Required action:
Where the material below has a line containing "Flags of Germany", start repeating exactly, and keep going through the line containing "Person som tittar", with no other lines.

Material shown:
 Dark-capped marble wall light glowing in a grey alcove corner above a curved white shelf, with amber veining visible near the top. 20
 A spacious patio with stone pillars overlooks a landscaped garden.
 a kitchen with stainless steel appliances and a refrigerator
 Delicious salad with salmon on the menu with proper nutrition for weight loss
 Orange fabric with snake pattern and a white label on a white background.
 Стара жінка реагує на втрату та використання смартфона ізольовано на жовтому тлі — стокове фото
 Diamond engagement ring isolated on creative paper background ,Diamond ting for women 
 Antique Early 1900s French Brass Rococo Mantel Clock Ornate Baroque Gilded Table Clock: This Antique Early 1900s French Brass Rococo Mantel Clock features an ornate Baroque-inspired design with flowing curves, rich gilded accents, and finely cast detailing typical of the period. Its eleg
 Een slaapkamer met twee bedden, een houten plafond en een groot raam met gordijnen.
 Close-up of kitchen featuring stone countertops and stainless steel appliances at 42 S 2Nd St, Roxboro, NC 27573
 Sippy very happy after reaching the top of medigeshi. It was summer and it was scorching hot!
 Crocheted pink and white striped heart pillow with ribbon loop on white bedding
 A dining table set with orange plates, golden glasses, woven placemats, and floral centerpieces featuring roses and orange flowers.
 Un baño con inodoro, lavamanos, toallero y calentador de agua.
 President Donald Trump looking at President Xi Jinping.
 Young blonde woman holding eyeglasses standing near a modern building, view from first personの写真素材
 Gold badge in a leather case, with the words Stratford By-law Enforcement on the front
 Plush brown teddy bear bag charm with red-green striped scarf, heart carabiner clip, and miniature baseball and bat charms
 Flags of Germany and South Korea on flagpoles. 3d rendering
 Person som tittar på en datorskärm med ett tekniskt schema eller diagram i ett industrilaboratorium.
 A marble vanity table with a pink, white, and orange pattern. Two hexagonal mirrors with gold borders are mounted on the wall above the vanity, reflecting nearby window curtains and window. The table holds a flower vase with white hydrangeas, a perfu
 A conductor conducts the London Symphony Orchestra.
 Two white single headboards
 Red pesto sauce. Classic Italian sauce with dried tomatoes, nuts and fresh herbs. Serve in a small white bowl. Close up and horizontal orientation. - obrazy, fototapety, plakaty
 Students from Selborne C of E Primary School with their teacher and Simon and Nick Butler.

Your response:
 Flags of Germany and South Korea on flagpoles. 3d rendering
 Person som tittar på en datorskärm med ett tekniskt schema eller diagram i ett industrilaboratorium.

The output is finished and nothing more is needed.